To examine deviations in synonymous codon usage by avoiding the influence of amino acid composition, the relative synonymous codon usage (RSCU) was detected using MEGA 5 software . Because short protein-coding genes (CDS) generally result in large estimation errors for codon usage, CDS shorter than 300 bp in length were excluded from the codon usage calculations to avoid sampling bias . Finally, 58 CDS for each cp genome were analyzed in this study.
SSR and long repeat sequence analysis
Microsatellites in the seven Populus cp genomes were detected using MISA  with the minimal repeat number set to 12, 6, 5, 5, 5 and 5 for mono-, di-, tri-, tetra-, penta-, and hexa- nucleotides, respectively. All of the repeats were manually verified. We used the online REPuter software  to identify and locate forward repeat (F), reverse repeat (R), complemented repeat (C) and palindromic repeat (P) sequences. The following settings for repeat identification were used: (1) Hamming distance equal to 3; (2) minimal repeat size, 30 bp; and (3) maximum computed repeats, 90 bp.

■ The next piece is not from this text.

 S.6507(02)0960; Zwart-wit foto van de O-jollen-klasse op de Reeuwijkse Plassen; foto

Sequence divergence analysis
To investigate divergence in cp genomes, identity across the whole cp genomes was visualized using the mVISTA viewer in the Shuffle-LAGAN mode among the seven accessions with P. adenopoda as the reference. MAFFT version 7.037 software  was used to align the seven cp genome sequences of Populus: P. adenopoda, P. alba, P. alba var. pyramidalis, P. tremula var. davidiana, P. × hopeiensis, P. tomentosa and P. tremula. After manual adjustment with BioEdit software, we performed sliding window analysis to assess variability (Pi) throughout the cp genomes using DnaSP version 5 software . The window length was set to 600 bp and the step size was set to 200 bp. Single nucleotide polymorphisms (SNPs) and indels were detected using the “find variation” in Geneious R8. Inversions were manually detected using the BioEdit software. There were a total of 21 pairwise alignments for the seven cp genomes.

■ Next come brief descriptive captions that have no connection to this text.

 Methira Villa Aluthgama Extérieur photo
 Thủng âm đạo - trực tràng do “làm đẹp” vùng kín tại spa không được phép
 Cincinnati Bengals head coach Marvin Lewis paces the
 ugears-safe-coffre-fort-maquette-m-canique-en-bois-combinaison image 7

To detect the phylogenetic position of P. tomentosa with respect to the other Populus species, 14 accessions with available complete cp genomes were compared, including 10 accessions from section Populus, two accessions from section Turanga of Populus (P. euphratica (KJ624919) and P. ilicifolia (KX421095)) and two accessions from Salix (Salix babylonica (KT449800) and Salix paraplesia (MG262366)) as outgroups. The 10 cp genomes from section Populus included the four new cp genomes (P. adenopoda, P. alba var. pyramidalis, P. × hopeiensis, P. tomentosa) and six complete cp genomes published elsewhere or available from NCBI (P. alba (AP008956), P. tremula var. davidiana (KX306825), P. qiongdaoensis (KX534066), P. rotundifolia (KX425853), P. tremula (KP861984), and P. tremula × alba (MG262346)) [41–44]. The sequences were aligned using MAFFT  and adjusted manually where necessary. Maximum likelihood (ML) analyses were conducted using RAxML with 1000 bootstrap replicates . Bayesian inference (BI) was performed using the program MrBayes 3.1.2 . The jModelTest 2.0 program  was used to determine the best-fitting model for each dataset based on the Akaike information criterion and the optimal model of “TVM +F+R2”. The Markov chain Monte Carlo (MCMC) algorithm was run for 1,000,000 generations, and a burn-in of 25% was used for the analysis.
Results and discussion
Complete cp genomes of Populus species
The seven cp genomes ranged in size from 155,853 bp (P. tremula var. davidiana) to 156,746 bp (P. adenopoda) (Fig 1 and Table 3). All of them displayed a typical quadripartite structure, consisting of a pair of IRs (27,571–27,660 bp) separated by the LSC (84,127–84,934 bp) and the SSC (16,413–18,584 bp) regions (Table 3). Gene content and order were very similar among the cp genomes of the seven accessions and similar to those of other published cp genomes [43, 44, 48, 49].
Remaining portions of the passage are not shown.